De acordo com o biólogo Domingos Garrone Neto, professor do curso de Engenharia de Pesca da Unesp – Registro, hoje a H. malabaricus é tratada como um complexo de espécies justamente pela ampla distribuição geográfica. É preciso fazer um estudo genético melhor e é possível que novas espécies sejam definidas a partir deste complexo. “Tem coisas novas saindo em breve”, afirma o professor Domingos.
A Hoplias brasiliensis também se destaca por existir apenas no Brasil, mais especificamente em rios que desaguam na costa leste.
E os trairões também existem por várias regiões do Brasil. Na região sudeste, na bacia do Rio Paraná, eles são representados pelo Hoplias lacerdae. E na bacia amazônica, os gigantes são da espécie Hoplias aimara.
Um dos melhores lugares do mundo para a pesca de trairões é o rio Juruena, no Mato Grosso. Lá, os trairões podem atingir mais de 20 quilos.
Como saber se é traíra ou trairão?
O pesquisador Oyakawa explica que é fácil indentificar se temos uma traíra ou um traírão nas mãos, mesmo que seja um filhote.
Os trairões, sejam H. lacerdae ou H. aimara, tem os dois lados da mandíbula paralelos, como mostrado no peixe “A”, na ilustração que faz parte de um dos estudos do pesquisador. E a língua do trairão é lisa.
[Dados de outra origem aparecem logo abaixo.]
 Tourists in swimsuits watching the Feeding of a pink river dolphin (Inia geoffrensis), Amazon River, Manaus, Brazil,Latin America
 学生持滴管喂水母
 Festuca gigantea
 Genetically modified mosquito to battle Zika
Com muito cuidado, mantendo a boca do peixe aberta com um alicate de contenção, é possível tocar com o dedo e fazer a prova. Eu já fiz… dá medo, mas você nunca mais vai esquecer.
As traíras do grupo malabaricus tem a língua áspera e a mandíbula em “V”, como pode ser visto no peixe “B”.
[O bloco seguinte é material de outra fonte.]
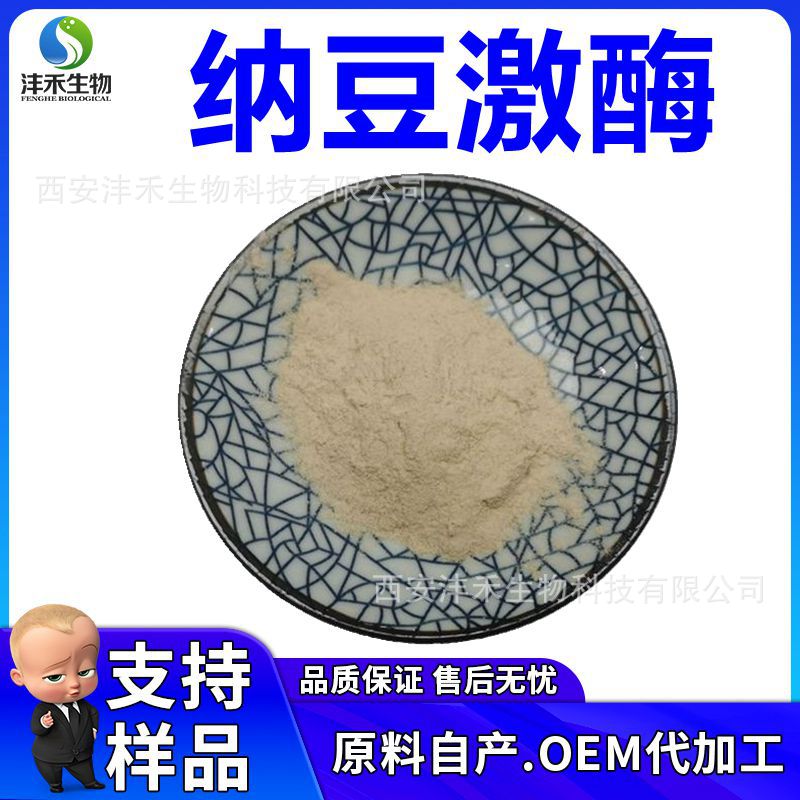 纳豆激酶20000fu/g 纳豆提取物发酵 沣禾生物 纳豆粉 纳豆冻干粉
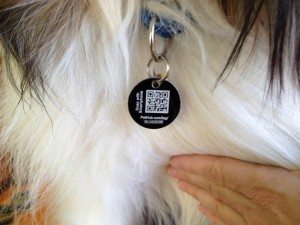 qr-code-pet-id-tags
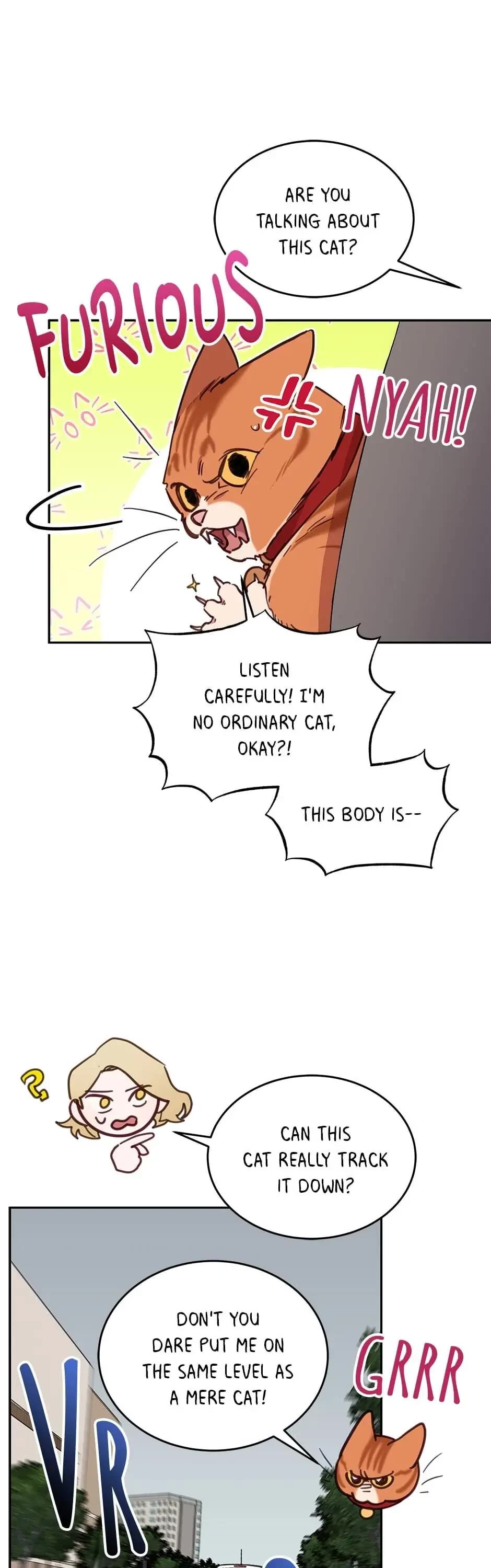 The Legendary Beasts Animal Hospital Chapter 28 page 26 - Chapter 28: An Emergency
Qual é a espécie do trairão?
E, entre os trairões, também há uma forma de reconhecer se temos nas mãos um H. aimara. Basta checar se existe uma mancha escura na pele que existe logo após o opérculo. Ela é bem visível na peixe abaixo, que capturei durante uma expedição no rio Juruena, na Pousada Juruena.
Esta mancha é tão certeira na identificação, que o pesquisador brinca:
-Pode apostar uma cerveja com seus amigos…
E independentemente do tamanho, esses peixes sempre trazem emoção. Basta estar preparado com o equipamento correto e a esportividade será garantida.